The assessee had made investments in equity shares of a group company from which no dividend income was earned and hence no exempt income was claimed by assessee. The AO had invoked S.14A r.w. rule 8D to make disallowance which was confirmed by the CIT(A). On appeal before the Tribunal, the Tribunal noted that the AO had not recorded its satisfaction before invoking Rule 8D and simply invoked provisions of S. 14A r.w. Rule 8D. Further, after placing reliance on the decision of Madras High Court in case of Chettinad Losgistics Pvt. Ltd. (80 taxmann.com 221) and confirmed by Supreme Court (95 taxmann.com 250) and various other judicial precedents held that where no exempt income is earned, no disallowance under section 14A of the Act can be made. Further, with regards to disallowance under section 14A while computing book profits under section 115JB of the Act, the Tribunal after relying on the decision of ACIT v.  Vireet Investments Pvt Ltd (2017) 165 ITD 27 (SB) (Delhi)(Trib.) directed to delete the disallowance made by AO.  The Managing director was travelling outside India and therefore there was a delay of 133 days.
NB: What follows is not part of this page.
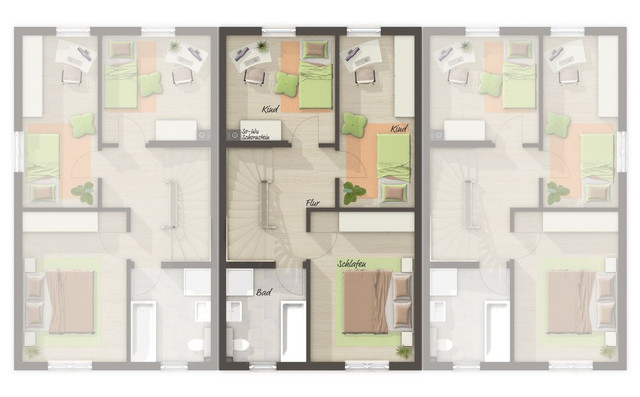 Neue Doppelhaus-Hälfte mit Studio 146 m2 in Ziegelbauweise inkl. Grundstück!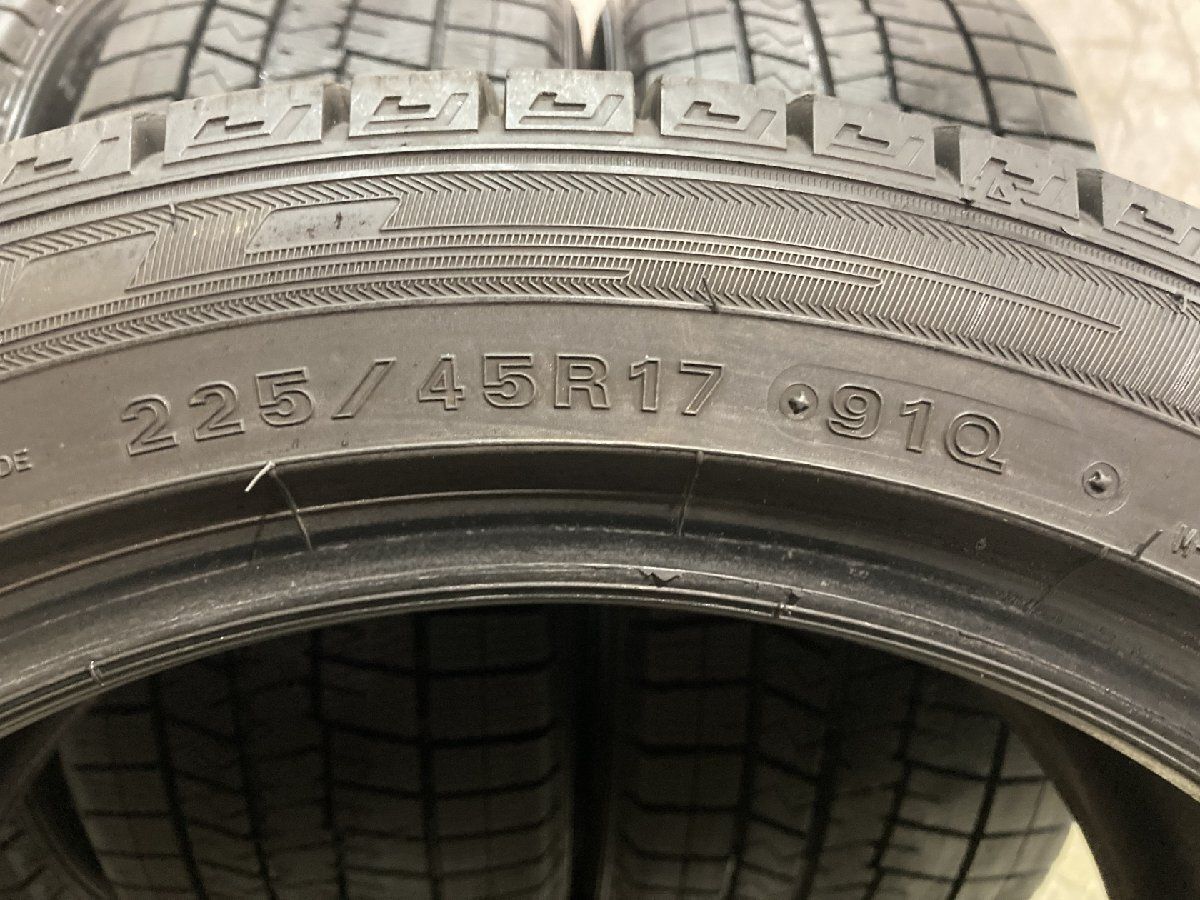 DUNLOP WINTER MAXX WM03 225/45R17 17インチ スタッドレス 4本 22年製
The Tribunal held that there was no malafide intention of the assessee and if technicalities are pitted against substantial justice, the Court will lean towards substantial justice and the assessee has shown sufficient cause in explaining delay of 133 days in filing of this appeal with Tribunal beyond time prescribed u/s 253(3) of the 1961 Act.  (AY. 2014-15)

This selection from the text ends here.